Po wyraźnej poprawie nastrojów MŚP w ubiegłym kwartale, optymizm sektora się pogorszył. W III kwartale br. Barometr EFL[1], wskaźnik monitorujący nastroje w mikro, małych i średnich firmach, osiągnął wartość 52,2 pkt. (-2,3 pkt. kw./kw.) i jest to najsłabszy wynik dla III kwartału od 2015 roku. Wszystko za sprawą pesymistycznych prognoz dotyczących inwestycji – ich wzrost planuje tylko 21 proc. przedsiębiorców.

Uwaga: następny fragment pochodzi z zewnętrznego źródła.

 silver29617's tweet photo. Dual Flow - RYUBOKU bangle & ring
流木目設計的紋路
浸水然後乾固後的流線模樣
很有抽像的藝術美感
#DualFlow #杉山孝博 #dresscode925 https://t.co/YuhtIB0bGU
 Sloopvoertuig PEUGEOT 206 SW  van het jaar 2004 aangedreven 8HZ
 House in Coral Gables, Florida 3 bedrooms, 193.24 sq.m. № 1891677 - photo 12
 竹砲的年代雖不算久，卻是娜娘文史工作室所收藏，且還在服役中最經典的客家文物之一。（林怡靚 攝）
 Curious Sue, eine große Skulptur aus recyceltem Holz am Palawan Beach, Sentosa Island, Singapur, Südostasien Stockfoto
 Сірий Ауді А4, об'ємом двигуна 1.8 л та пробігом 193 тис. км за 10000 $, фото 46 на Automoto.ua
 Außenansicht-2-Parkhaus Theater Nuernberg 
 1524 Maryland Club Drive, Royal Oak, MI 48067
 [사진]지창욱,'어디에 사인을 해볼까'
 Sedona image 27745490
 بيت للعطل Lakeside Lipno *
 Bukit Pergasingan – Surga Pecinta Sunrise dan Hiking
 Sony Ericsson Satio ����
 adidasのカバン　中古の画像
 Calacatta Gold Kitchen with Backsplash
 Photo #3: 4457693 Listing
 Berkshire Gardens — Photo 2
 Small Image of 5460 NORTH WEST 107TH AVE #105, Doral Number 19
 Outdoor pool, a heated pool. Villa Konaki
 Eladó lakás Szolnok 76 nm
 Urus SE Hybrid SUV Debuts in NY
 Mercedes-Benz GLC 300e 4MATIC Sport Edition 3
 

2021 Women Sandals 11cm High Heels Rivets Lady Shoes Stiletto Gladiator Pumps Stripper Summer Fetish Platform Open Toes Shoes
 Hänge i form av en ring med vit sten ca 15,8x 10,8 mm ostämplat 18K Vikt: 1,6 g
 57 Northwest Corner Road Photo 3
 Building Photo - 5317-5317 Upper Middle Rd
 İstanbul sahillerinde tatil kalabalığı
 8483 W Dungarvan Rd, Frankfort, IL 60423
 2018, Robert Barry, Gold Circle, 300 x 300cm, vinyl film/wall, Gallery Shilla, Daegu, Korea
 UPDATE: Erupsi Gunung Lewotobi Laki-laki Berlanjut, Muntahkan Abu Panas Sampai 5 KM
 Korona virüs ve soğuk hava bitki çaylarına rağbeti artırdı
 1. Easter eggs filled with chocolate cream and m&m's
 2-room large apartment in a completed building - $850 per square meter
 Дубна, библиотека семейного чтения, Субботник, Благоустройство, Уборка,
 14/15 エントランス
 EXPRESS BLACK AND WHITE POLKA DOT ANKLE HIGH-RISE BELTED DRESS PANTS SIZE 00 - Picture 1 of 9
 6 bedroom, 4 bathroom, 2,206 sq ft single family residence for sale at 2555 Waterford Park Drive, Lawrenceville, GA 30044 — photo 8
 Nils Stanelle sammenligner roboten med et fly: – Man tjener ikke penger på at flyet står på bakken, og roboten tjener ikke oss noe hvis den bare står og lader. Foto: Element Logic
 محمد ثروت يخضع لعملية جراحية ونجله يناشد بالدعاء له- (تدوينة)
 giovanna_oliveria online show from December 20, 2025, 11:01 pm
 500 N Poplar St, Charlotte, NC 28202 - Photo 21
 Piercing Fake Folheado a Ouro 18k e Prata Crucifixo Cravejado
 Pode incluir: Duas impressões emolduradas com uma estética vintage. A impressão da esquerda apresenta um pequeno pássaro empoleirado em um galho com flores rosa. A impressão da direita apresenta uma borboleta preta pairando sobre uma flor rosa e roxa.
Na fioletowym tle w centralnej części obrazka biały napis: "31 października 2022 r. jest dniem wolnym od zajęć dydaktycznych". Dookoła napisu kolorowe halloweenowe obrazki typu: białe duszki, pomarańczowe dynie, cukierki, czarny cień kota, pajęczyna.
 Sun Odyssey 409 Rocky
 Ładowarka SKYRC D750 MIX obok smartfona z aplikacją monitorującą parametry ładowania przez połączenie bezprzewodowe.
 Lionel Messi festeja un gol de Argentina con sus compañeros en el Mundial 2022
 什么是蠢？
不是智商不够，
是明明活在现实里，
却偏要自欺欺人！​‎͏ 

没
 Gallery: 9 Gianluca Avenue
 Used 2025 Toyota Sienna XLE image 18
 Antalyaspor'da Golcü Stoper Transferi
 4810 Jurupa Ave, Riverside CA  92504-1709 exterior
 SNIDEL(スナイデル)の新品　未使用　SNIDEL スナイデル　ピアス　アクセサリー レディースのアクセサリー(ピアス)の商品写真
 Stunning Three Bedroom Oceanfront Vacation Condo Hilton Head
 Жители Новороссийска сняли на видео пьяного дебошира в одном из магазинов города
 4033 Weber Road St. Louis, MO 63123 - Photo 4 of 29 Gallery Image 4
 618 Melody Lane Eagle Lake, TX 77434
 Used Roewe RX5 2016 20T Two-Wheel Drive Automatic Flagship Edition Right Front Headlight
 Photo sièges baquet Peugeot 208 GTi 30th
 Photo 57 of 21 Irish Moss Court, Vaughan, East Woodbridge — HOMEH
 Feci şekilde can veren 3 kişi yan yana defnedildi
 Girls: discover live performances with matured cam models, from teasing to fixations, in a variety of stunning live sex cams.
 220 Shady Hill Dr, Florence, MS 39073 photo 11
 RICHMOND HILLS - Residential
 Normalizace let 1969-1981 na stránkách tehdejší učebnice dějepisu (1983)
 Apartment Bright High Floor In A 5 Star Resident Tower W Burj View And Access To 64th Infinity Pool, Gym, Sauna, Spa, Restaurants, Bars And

Inwestycyjny pesymizm utrzymuje się już od początku 2019 roku, co może wskazywać, że MŚP obawiają się spowolnienia w Polsce.
Wynik Barometru EFL na III kwartał 2019 roku wyniósł 52,2 pkt., czyli był o 2,3 pkt. proc. niższy niż w II kwartale br. i o 0,7 pkt. niższy niż w analogicznym okresie 2018 roku. Jednocześnie, osiągnięty poziom jest jednym z trzech najniższych od początku realizacji pomiaru Barometr EFL (od stycznia 2015 roku) – niższy był tylko w I kwartale tego roku (49,9 pkt.) oraz IV kwartale 2018 roku (51,1 pkt.).
– Kondycję sektora mikro, małych i średnich firm w EFL monitorujemy już piąty rok i śmiało możemy wskazać na cykliczną powtarzalność wyników. Zgodnie z nią, między II a III kwartałem następuje obniżenie głównego wskaźnika, co zaobserwowaliśmy również w tym roku. Optymistycznym jest fakt, że odczyt wciąż znajduje się ponad progiem OR[2], co oznacza, że pomimo gorszych prognoz, mikro, małe i średnie przedsiębiorstwa wciąż widzą szanse na rozwój w najbliższych miesiącach. Jednak biorąc pod uwagę pomiary z poprzednich lat, zgodnie z którymi nastroje słabną również pomiędzy III i IV kwartałem, spodziewamy się około 2-punktowego spadku w kolejnym pomiarze. W związku z tym istnieje duże ryzyko osiągnięcia wyniku poniżej granicy 50 pkt. już drugi raz w tym roku – mówi Radosław Woźniak, wiceprezes EFL.
W inwestycyjnym dołku
Za niską wartość głównego wskaźnika odpowiadają przede wszystkim oceny planowanych inwestycji. Tylko 21,1 proc. przedsiębiorców spodziewa się ich wzrostu, podobnie jak kwartał wcześniej (21,2 proc.) i tylko nieco więcej niż na początku roku (18,3 proc.). Więcej zarządzających firmami obawia się spadku inwestycji (28,2 proc.), co również miało miejsce w dwóch poprzednich kwartałach. Eksperci EFL zwracają uwagę, że tak słabych prognoz i długo trwającego inwestycyjnego pesymizmu nie było od początku realizacji badania.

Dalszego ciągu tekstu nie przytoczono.